High praise from Urban Meyer

1) Young is considered the most purely talented player in the NFL draft, and that ability and athleticism gives him the highest upside. At 6-foot-5 and 264 pounds, Young cuts a physique like he’s chiseled out of granite. Former Ohio State coach Urban Meyer recruited Young and hasn’t been shy about his potential. He compared Young’s physical talent favorably with the Bosa brothers, who also played at Ohio State and both won Rookie of the Year — Joey in 2016 and Nick in 2019 — upon entering the NFL.

Meyer said that the Bosa brothers entered Ohio State with more prolific work ethics, while Young had to develop his. Meyer complimented Young’s work to get 16.5 sacks, six forced fumbles and 21 tackles for loss in his dominating junior year. “I don’t know if I’ve seen one like Chase,” Meyer told Yahoo Sports this week. “Standing next to him, I can’t recall seeing a player like that.”

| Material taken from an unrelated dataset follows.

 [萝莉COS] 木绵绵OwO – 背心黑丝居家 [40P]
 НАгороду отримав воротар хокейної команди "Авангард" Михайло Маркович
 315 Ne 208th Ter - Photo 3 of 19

[ Shop Chase Young’s Washington Redskins jersey here ]

Ohio State defensive end Chase Young, right, sacks Northwestern quarterback Aidan Smith during the first half of an NCAA college football game Friday, Oct. 18, 2019, in Evanston, Ill. (AP Photo/Charles Rex Arbogast)
Ohio State defensive end Chase Young, right, sacks Northwestern quarterback Aidan Smith during the first half of their game on Oct. 18, 2019, in Evanston, Illinois. (AP Photo/Charles Rex Arbogast)

Chase Young’s brush with NBA talent

2) Young starred in football at DeMatha Catholic, the iconic basketball power, in the Washington D.C., area before picking Ohio State over schools like Alabama, Penn State and Notre Dame. His most notable basketball footnote — other than being called off the bench for a few hard fouls — was being a teammate of Markelle Fultz in 2015-16. Young’s pick at No. 2 and Fultz’s No. 1 selection in 2017 give that DeMatha team a rare professional sports draft distinction.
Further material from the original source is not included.